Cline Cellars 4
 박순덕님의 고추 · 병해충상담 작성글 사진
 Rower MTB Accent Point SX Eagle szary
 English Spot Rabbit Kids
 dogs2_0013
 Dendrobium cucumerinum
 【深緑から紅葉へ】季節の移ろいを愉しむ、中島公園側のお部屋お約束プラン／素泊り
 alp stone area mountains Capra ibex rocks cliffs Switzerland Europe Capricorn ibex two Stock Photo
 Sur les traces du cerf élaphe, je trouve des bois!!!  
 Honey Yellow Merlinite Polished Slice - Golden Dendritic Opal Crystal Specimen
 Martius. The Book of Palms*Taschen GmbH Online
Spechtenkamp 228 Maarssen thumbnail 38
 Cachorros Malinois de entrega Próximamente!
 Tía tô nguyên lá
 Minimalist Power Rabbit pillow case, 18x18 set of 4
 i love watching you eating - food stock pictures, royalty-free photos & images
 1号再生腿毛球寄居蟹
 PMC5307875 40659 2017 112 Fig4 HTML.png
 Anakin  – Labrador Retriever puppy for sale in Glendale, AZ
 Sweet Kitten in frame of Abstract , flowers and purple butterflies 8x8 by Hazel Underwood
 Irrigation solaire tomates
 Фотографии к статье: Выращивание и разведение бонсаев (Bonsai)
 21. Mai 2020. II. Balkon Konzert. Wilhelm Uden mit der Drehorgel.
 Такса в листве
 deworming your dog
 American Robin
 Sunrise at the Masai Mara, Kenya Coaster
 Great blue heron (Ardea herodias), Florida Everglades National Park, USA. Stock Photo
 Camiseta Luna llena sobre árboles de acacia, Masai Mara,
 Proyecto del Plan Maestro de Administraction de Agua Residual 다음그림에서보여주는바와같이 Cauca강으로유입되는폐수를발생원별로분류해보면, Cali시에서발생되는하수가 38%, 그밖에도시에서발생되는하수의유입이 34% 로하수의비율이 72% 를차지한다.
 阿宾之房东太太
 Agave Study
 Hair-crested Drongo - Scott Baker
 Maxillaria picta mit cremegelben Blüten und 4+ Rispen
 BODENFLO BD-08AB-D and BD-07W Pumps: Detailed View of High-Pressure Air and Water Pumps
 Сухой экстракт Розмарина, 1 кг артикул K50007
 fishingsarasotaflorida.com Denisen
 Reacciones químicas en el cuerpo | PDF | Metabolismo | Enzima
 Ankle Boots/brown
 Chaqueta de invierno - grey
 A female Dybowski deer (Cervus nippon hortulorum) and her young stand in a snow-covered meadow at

+---+

Problem requirements: What are the lines from the one with "Reacciones químicas en" through the end of the entries? Give them again exactly, both end lines included.

Answer to this exercise:
 Reacciones químicas en el cuerpo | PDF | Metabolismo | Enzima
 Ankle Boots/brown
 Chaqueta de invierno - grey
 A female Dybowski deer (Cervus nippon hortulorum) and her young stand in a snow-covered meadow at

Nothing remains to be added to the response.